Large Language Models Cannot Self-Correct Reasoning Yet (2310.01798v2)

Published 3 Oct 2023 in cs.CL and cs.AI

Abstract: LLMs have emerged as a groundbreaking technology with their unparalleled text generation capabilities across various applications. Nevertheless, concerns persist regarding the accuracy and appropriateness of their generated content. A contemporary methodology, self-correction, has been proposed as a remedy to these issues. Building upon this premise, this paper critically examines the role and efficacy of self-correction within LLMs, shedding light on its true potential and limitations. Central to our investigation is the notion of intrinsic self-correction, whereby an LLM attempts to correct its initial responses based solely on its inherent capabilities, without the crutch of external feedback. In the context of reasoning, our research indicates that LLMs struggle to self-correct their responses without external feedback, and at times, their performance even degrades after self-correction. Drawing from these insights, we offer suggestions for future research and practical applications in this field.

PDF HTML Abstract

LLMs Cannot Self-Correct Reasoning Yet

The paper "LLMs Cannot Self-Correct Reasoning Yet" authored by Jie Huang et al. presents an in-depth investigation into the self-correction capability of LLMs in the context of reasoning tasks. This research critically evaluates whether LLMs can intrinsically correct their own outputs without external feedback, addressing an important question in the field of artificial intelligence.

Key Findings

The authors define intrinsic self-correction as the model's ability to identify and rectify its erroneous outputs based solely on its internal mechanisms, without relying on external input or labels. They conducted extensive experiments using prominent LLMs, including GPT-3.5, GPT-4, GPT-4-Turbo, and Llama-2, evaluating their performance on several reasoning benchmarks: GSM8K, CommonSenseQA, and HotpotQA. The paper's key findings are:

Intrinsic Self-Correction Fails in Reasoning Tasks:
- LLMs often fail to improve their answers in the intrinsic self-correction setting. In many cases, the performance even deteriorates after the self-correction attempts.
- For instance, without external feedback, the performance of GPT-3.5 and GPT-4 consistently dropped across all tested benchmarks. This observation aligns with the primary conclusion that LLMs cannot inherently judge the correctness of their reasoning outputs effectively.
Oracle Labels Skew Results:
- Previous works indicated significant improvements when using oracle labels for self-correction. However, the use of oracle labels is impractical in real-world scenarios, as it presupposes access to the correct answers.
- The results highlight a crucial distinction: the improvements seen in some studies are not due to the models' intrinsic abilities but rather the availability of oracle labels guiding the correction process.
Multi-Agent Debate is Not Superior to Self-Consistency:
- The paper compared the multi-agent debate approach to self-consistency on GSM8K. It was found that multi-agent debate does not offer significant advantages over self-consistency when considering the same number of model responses.
- In fact, self-consistency using a majority voting mechanism often outperformed the multi-agent debate, suggesting that simple consensus-based approaches might be more effective for improving model performance.
Prompt Design Issues:
- The paper points out that some reported improvements in self-correction might be artifacts of suboptimal prompt design for generating initial responses. When initial prompts were more detailed and comprehensive, the purported benefits of self-correction significantly diminished.
- For instance, in the Constrained Generation task, providing a clear and complete initial prompt led to better performance than adding details only in the self-correction phase.
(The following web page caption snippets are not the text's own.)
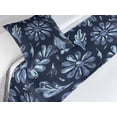 thumbnail image 3 of Floral Bed Runner Set, Simplistic Design Daisy Flowers and Leaves Chamomile Ornaments on Dark Back, Decorative Bedding Scarf & a Pillow Sham for Hotels Homes, Twin, Ceil Blue Indigo, by Ambesonne, 3 of 3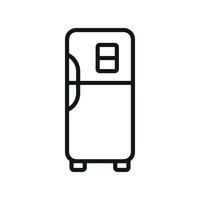 Refrigerator icon showcases a sleek and modern design, perfect for representing kitchen appliances, home essentials, or energy-efficient solutions vector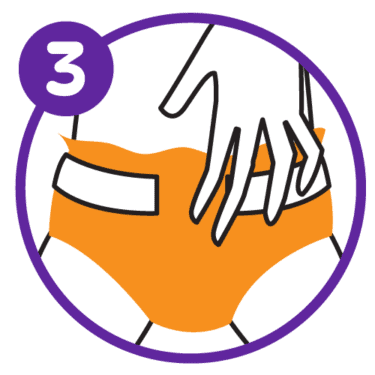 how to put diaper on baby step3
Implications and Future Directions

The findings have several implications:

Refined Evaluation Metrics:
- Future research should rigorously evaluate self-correction methods against robust baselines like self-consistency, ensuring a fair comparison with equivalent inference costs.
External Feedback Utilization:
- Given the challenges of intrinsic self-correction, leveraging external feedback sources could offer more practical improvements. Future methods might integrate interactive components with external tools or human inputs to provide effective correction mechanisms.
Training Verifiers:
- Developing specialized verifier models trained on high-quality annotated datasets could aid LLMs in more accurately assessing the correctness of their outputs and providing meaningful self-correction feedback.
Comprehensive Prompts:
- Ensuring that initial prompts are as informative and detailed as possible is crucial for fair comparisons. Future studies should carefully design prompts to encapsulate the entire task requirements from the start.

In summary, while intrinsic self-correction remains an elusive goal for contemporary LLMs, this paper underscores the importance of realistic evaluation settings and the potential benefits of external feedback mechanisms. The community is encouraged to continue exploring innovative ways to enhance the self-correction capabilities of LLMs, keeping in mind the current limitations and practical considerations highlighted by this research.